Er war müde, und er hatte Angst. Das konnte Axilla in seinem Blick sehen, auch wenn sie sonst nichts erkennen konnte. Er lächelte sie an, während er ihr zuhörte, aber in seinem Blick sah sie doch auch die Angst. Wenngleich sie nicht wusste, wovor er sich fürchtete. Davor, zu gehen? Oder doch eher davor, zu bleiben? Axilla wusste es nicht, aber einem kleinen, egoistischen Teil von ihr war es sogar egal, solange er nur bei ihr blieb.
Sie fühlte seinen Arm um ihre Schulter, er fühlte sich warm an. Sicher. Sie fragte sich kurz, wann sie zuletzt dieses Gefühl gehabt hatte. Es musste wirklich lang her sein.
Seine ersten Worte klangen schlaftrunken. Naja, vielleicht war er auch wie sie betrunken und hatte einen Kater? Sie wusste es nicht. Aber er hatte recht, dank der geschlossenen Läden herrschte im Raum nur dunkle Dämmerung, die nicht wirklich auf eine Zeit schließen ließ. Aber wollte Axilla es wirklich wissen? Nein, sie wollte, dass es Nacht war. Sie wollte nicht, dass es Tag war. An dem sie ihren Verwandten wohl noch erklären durfte, wo sie die Nacht gewesen war. Wo sie durch den Schankraum da unten gehen musste, vorbei an einem Kellner, der sicher wusste, was geschehen war. An dem sie überhaupt erstmal heim finden musste, vermutlich allein. Nein, es sollte Nacht sein.
Und auch Piso sprach die Worte, wenngleich langsam und schleppend. Axilla bemerkte sein Zaudern, aber ihr war es gleich, warum er dabei zögerte. Ob er es sagte, weil er ihr einen Gefallen tun wollte und ein wenig Gnade zeigte, oder ob er es wirklich wollte und selbst noch bei ihr bleiben wollte, war im Grunde unwichtig. Sie konnte noch einen Moment weiter träumen, noch einen kleinen Moment so tun, als ob er ihr Liebster war und sie seine Liebste. Sie konnte einfach nur sicher und an ihn gekuschelt da liegen. Da war sogar egal, dass ihr Kopf ein wenig hämmerte und schmerzte.

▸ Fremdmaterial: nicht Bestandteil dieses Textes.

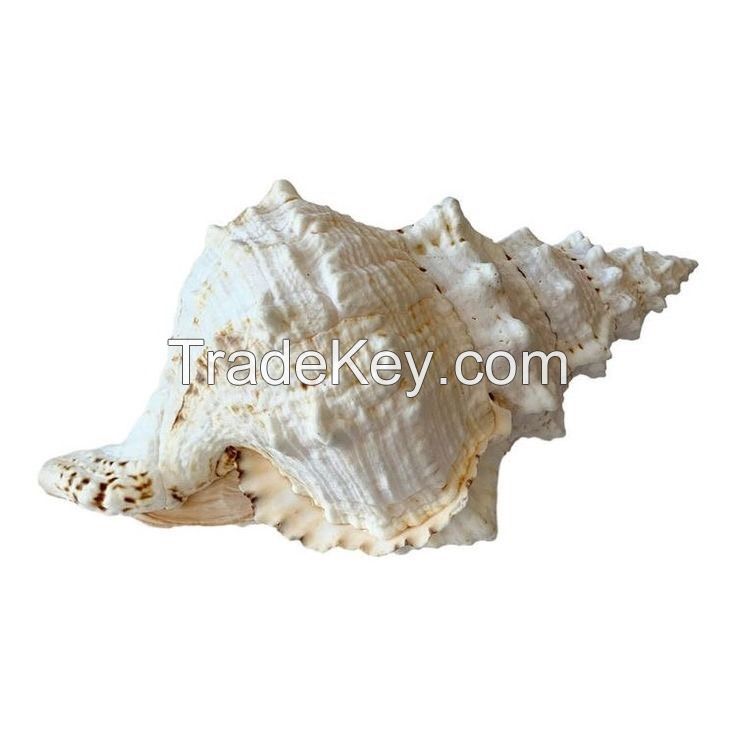 Supplier large quantity with cheap price scallop seashells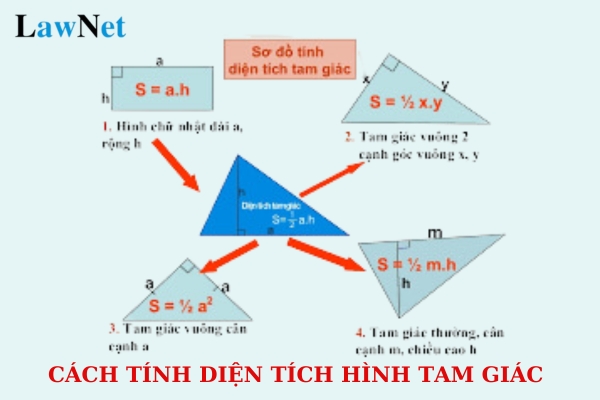 Tổng hợp công thức tính diện tích tam giác mới nhất? Phướng pháp dạy học môn Toán phải đáp ứng yêu cầu cơ bản nào?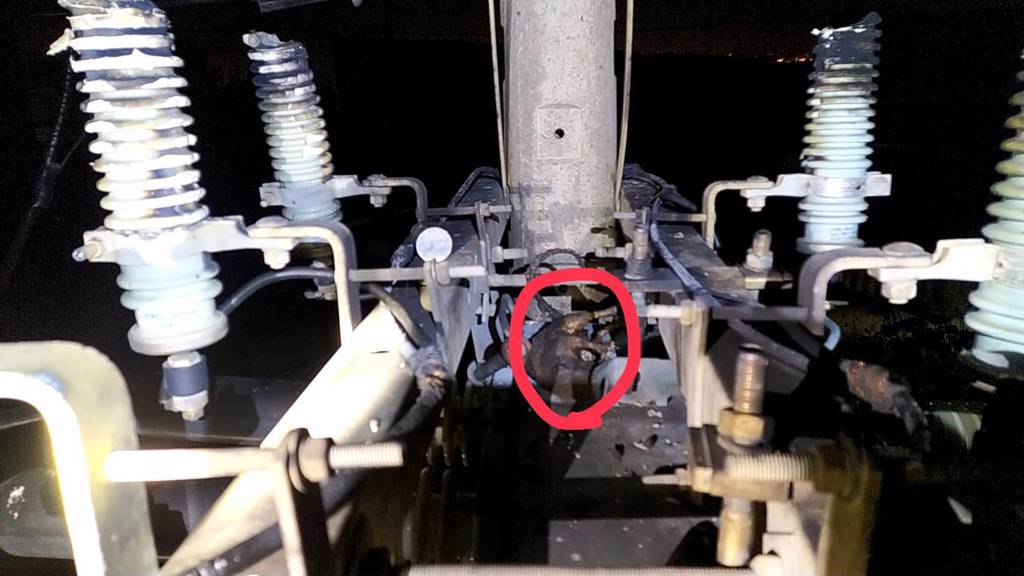 ▲台南安定區今（3)日傍晚6點18分傳出無預警停電，共308戶受影響，台電已於晚間7點29分全數復電，停電原因是松鼠誤觸線路，並公布松鼠焦屍照。（圖／翻攝畫面）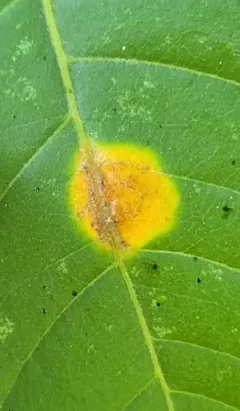 Puccinia windsoriae thumbnail 2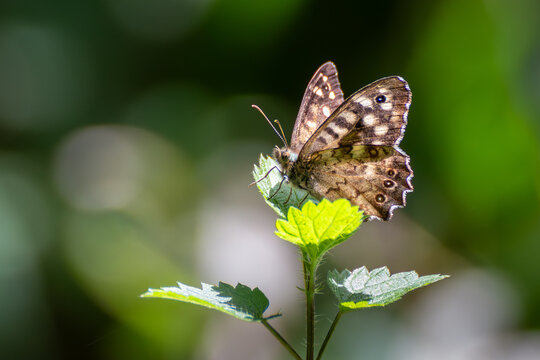 Speckled Wood butterfly resting on green foliage at Magor Marsh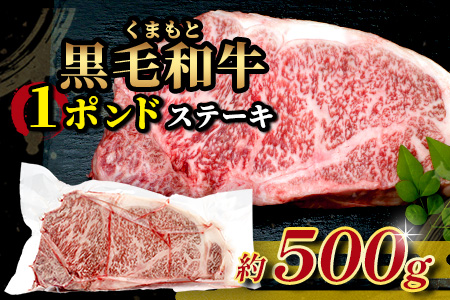 【年内発送】くまもと黒毛和牛 1ポンド ステーキ 約500g《 黒毛 和牛 1 pound ステーキ 500g ブランド牛 上質 常備 冷凍 熊本県 》113-0512-R712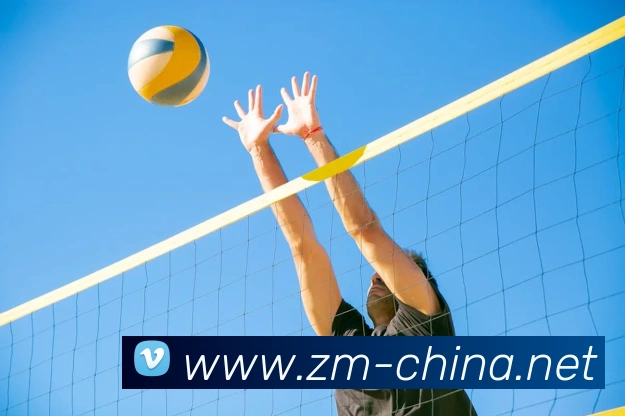 奇异果工作室官网APP 封面图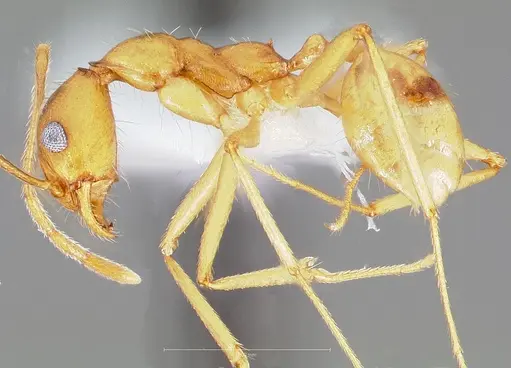 Pheidole vistana - CASENT0005741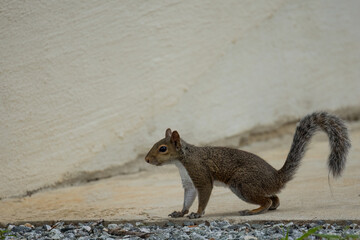 squirrel stopped on driveway 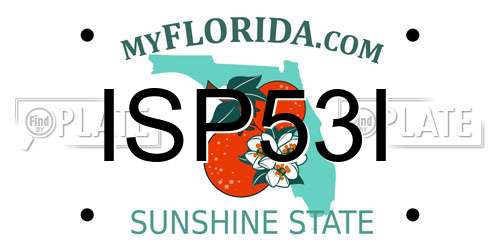 ISP53I Florida License Plate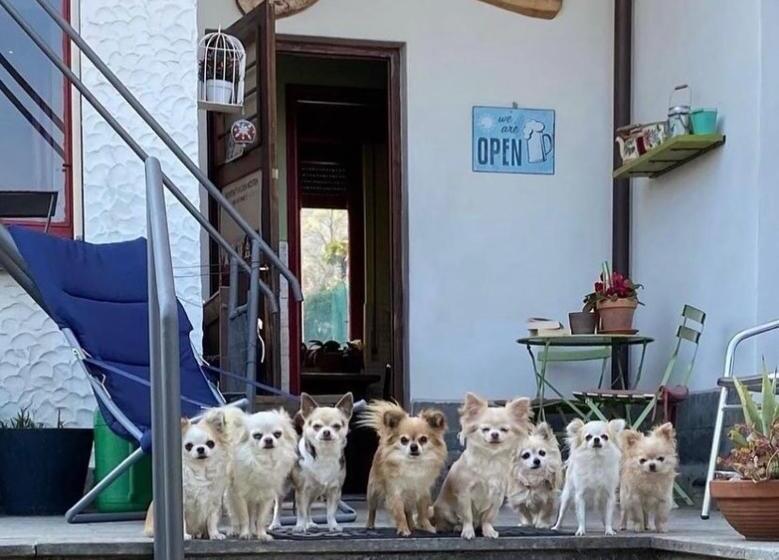 B&b Il Tempo Del Sogno Con Cani E Gatti Pet&breakfast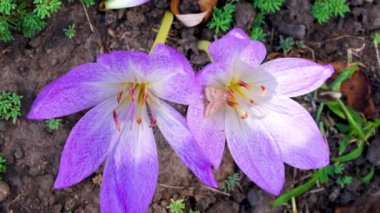 Mor timsahlar, bahçedeki çiçekler.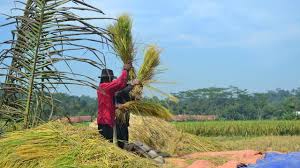 Gambar petani di sawah, contoh gambar petani, gambar petani menanam padi, gambar petani kartun, gambar animasi petani, gambar petani membajak sawah, gambar karikatur petani, gambar petani cantik, gambar petani lucu, telah dipublish. 8 Cara Menanam Padi Yang Baik Dan Menguntungkan Mudah Dan Praktis Hot Liputan6 Com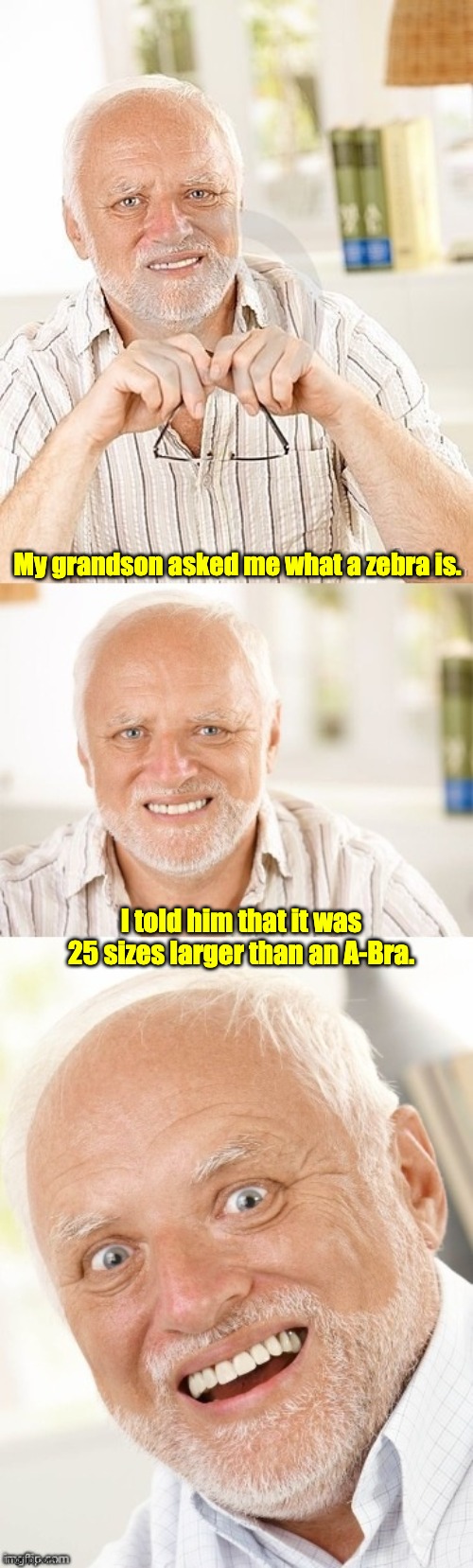 Z-Bra | My grandson asked me what a zebra is. I told him that it was 25 sizes larger than an A-Bra. | image tagged in hide the pun harold | made w/ Imgflip meme maker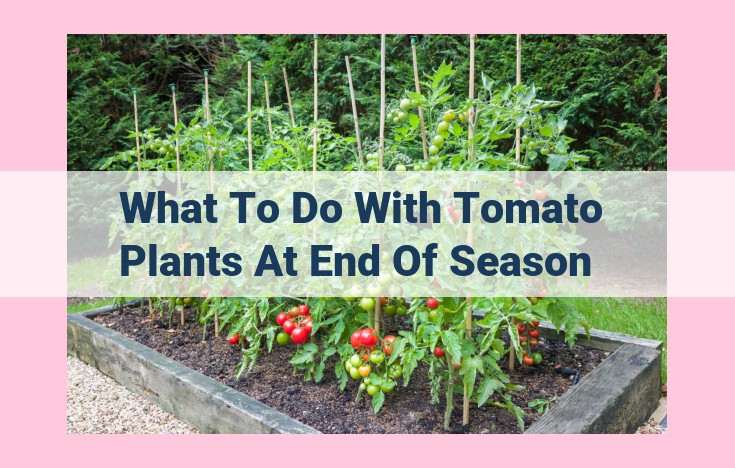 what to do with tomato plants at end of season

Und dann küsste er sie. Axilla war ein wenig überrascht, als er sich zu ihr beugte und ihre Lippen sich berührten. Sie war schon so glücklich gewesen, mit ihm einfach nur hier zu liegen und zu kuscheln, dass sie andere Möglichkeiten gar nicht in Betracht gezogen hatte. Vor allem, da sie trotz allem einen ziemlichen Kater hatte, an dem sie wohl noch einige Stunden Freude haben würde.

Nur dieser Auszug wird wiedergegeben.